Event Sourcing ensures that all changes to application state are stored as a sequence of events. Not just can we query these events, we can also use the event log to reconstruct past states, and as a foundation to automatically adjust the state to cope with retroactive changes. Martin Fowler

That's it! That is everything there is to know about Event Sourcing: all the rest is implementation detail. Concepts like Domain Aggregates, CQRS, Commands, Command Handlers, Snapshots, Projections, and so forth, which you'll often see when reading about Event Sourcing, are implementation details. Necessary details when implementing Event Sourced architectures and to keep code maintainable, solve common problems or avoid some downsides.

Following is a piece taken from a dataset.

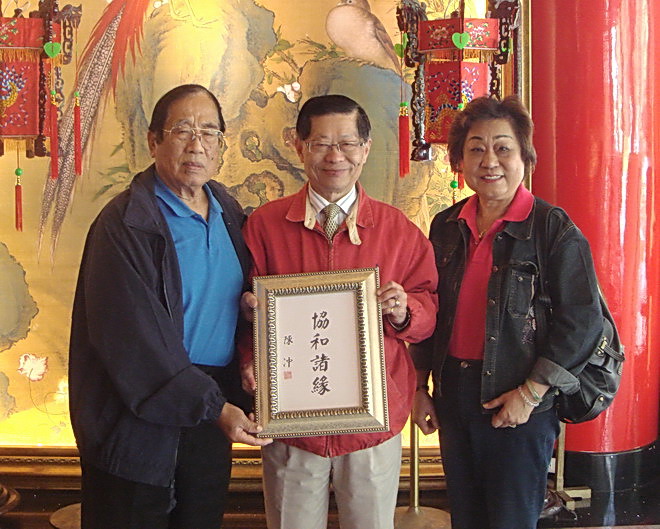 美金山粥长高文俊莅访台北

But for the sake of understanding why Event Sourcing is useful, the only important part is "application state is stored in a series of events".

To explain with an example: the balance on your bank-account isn't a column in a database table called balances, it's the sum of the amounts on each payment and deposit ever done on that bank-account: the events are the source, your balance is just a derivative thereof.

Event Sourcing is nothing new, it's actually really old, probably thousands of years. Bookkeeping has been done by writing a log of events, for centuries, since as long as it exists, really. But also domains like shipping works like this; since ages the captain keeps a "captain log".

Captain's Log on Monitor from Star Trek

One important detail often used in Event Sourcing, is the so-called projection. As said, this is an implementation detail, but one that we can use for the spreadsheet version very well too.

A common scenario in this context is taking events created in the write model [...] and calculating a read model view (e.g. an order summary containing the paid invoice number, outstanding invoices items, due date status, etc.). This type of object can be stored in a different database and used for queries.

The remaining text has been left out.